Я не помню, кто же мне процитировал из первого письма Бродского, когда он оказался в иммиграции, что среди американцев вообще нет людей. Это было его зазнайское ощущение иммигранта. Он же вынужденно всё-таки уехал и чувствовал себя не дома, а разлучённым с друзьями, с родителями. Людей вообще нет; есть лишь сто человек, зато они настоящие. Собственно, больше ста и не надо. Это уже как по Библии: если у нации есть сто человек и условия страны позволяют им существовать, то эта страна ещё ничего, если только она не уничтожает эти сто человек. Вот такая у меня арифметика простая. Так что Роджер был «из настоящих» – что-то чувствовал, что-то понимал.
– У вас были когда-нибудь сомнения в том, что вы настоящий писатель?
– Я не был уверен, что я писатель. Но у меня просто другого выхода не было. Кем я мог бы быть… Вылечиться невозможно. Либо надо было попадать в сумасшедший дом, либо в тюрьму. Я другого выхода не вижу.
– То есть тексты всегда писались сами, это не усилие какое-то? Не нужно было сажать себя за стол, это не работа?
– Это не работа, конечно, но заставлять себя надо. Обязательно. Иначе ничего не получится. Бывает, никак не можешь себя заставить, но вдруг заставил. Вот к этому моменту, когда наконец заставил, ты уже достаточно готов, упакован, спрессован, и получается выплеск. И, если у тебя достаточно сил на этот выплеск, он может быть более-менее ничего. В общем, если спрессовать всё то время, что я сидел за столом, то получится, что я никогда за ним не сидел. Или я сидел тупо, например, сижу за столом, а на самом деле в «Паука» играю. Дело в том, что когда тебе вдруг перестаёт всё мешать, вот тогда всё и получается, а эти обстоятельства бывают очень редки. В остальное время тебе всё мешает.
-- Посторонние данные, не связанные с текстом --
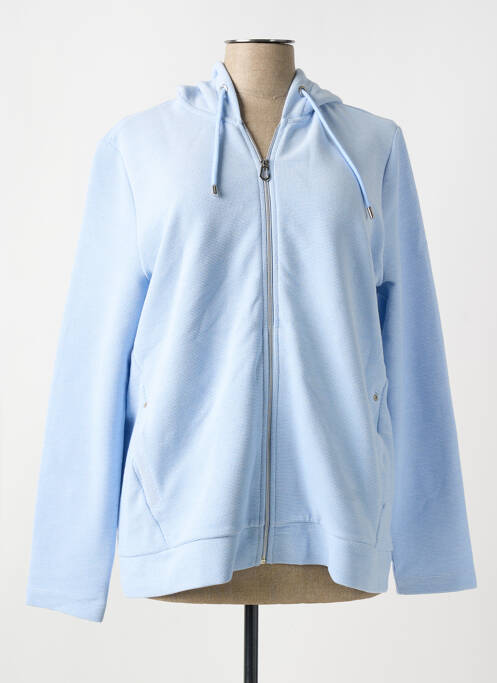 Veste casual bleu CECIL pour femme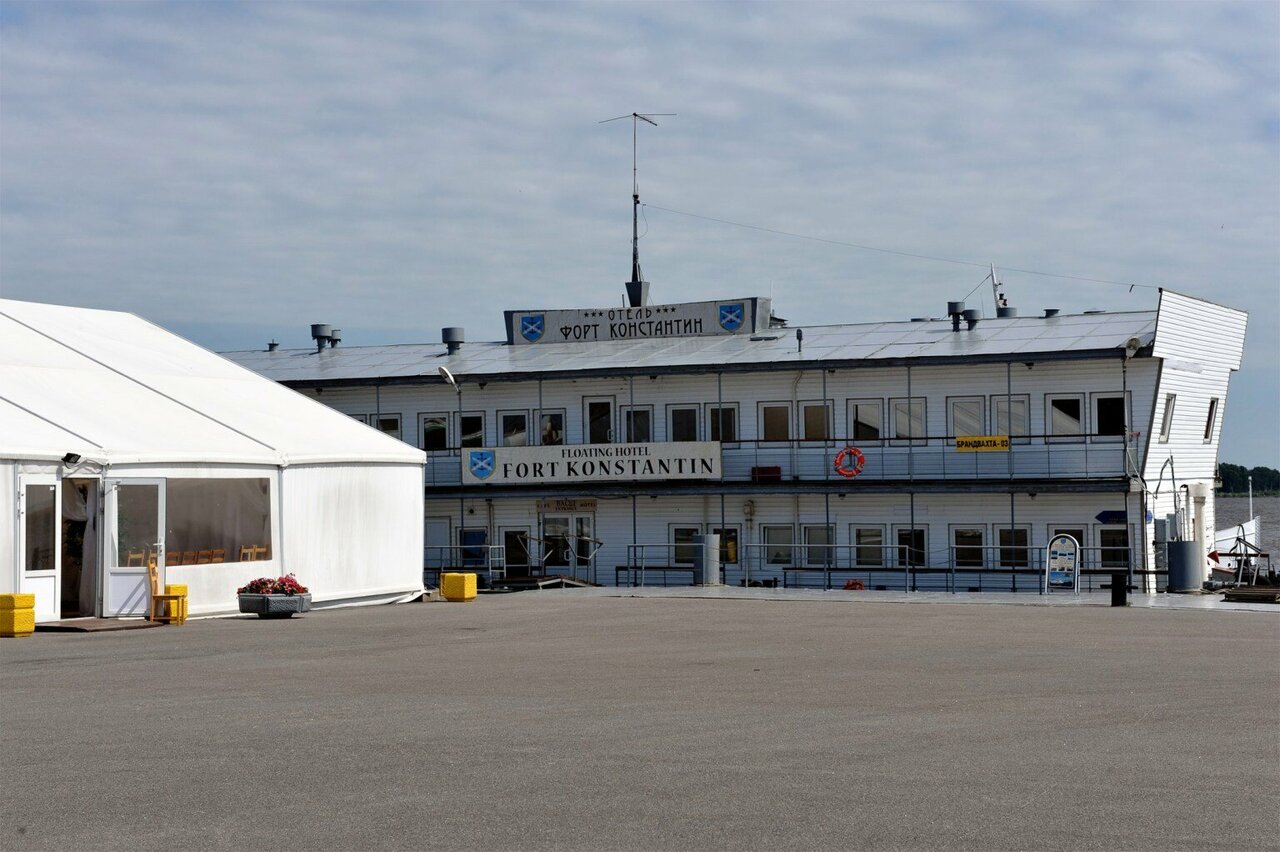 Гостиница Форт Константин Кронштадт-4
– Что такое «Паук»? Это игра компьютерная?
– Да, игра, пасьянс. Дело в том, что с пауком у меня сложные взаимоотношения, ибо у меня начиналась хорошая карьера скалолаза в юности, но я проиграл свои первые соревнования, которые должен был выиграть. На финише, когда мне оставалось только подтянуться до вершины, я уже ухватился рукой за финишный край скалы, и в этот момент на паутине, как, знаешь, они качаются, большой паук-крестовик спрыгнул мне под нос. И я с визгом, как девчонка, отпустил сразу все страховки и полетел вниз. Хорошо, что я на страховке слетел… Так я с позором упустил первый свой выигрыш. Точно так же паук сбивает меня с концентрации и теперь, но в пасьянсе. Я вижу в пауке очень много провиденциального, потому что, с другой стороны, он же и плетёт ткань. Он же организатор великой конструкции, величайшей. И, собственно, в прозе больше паутины, чем в чём бы то ни было. Я всю жизнь и плету паутину…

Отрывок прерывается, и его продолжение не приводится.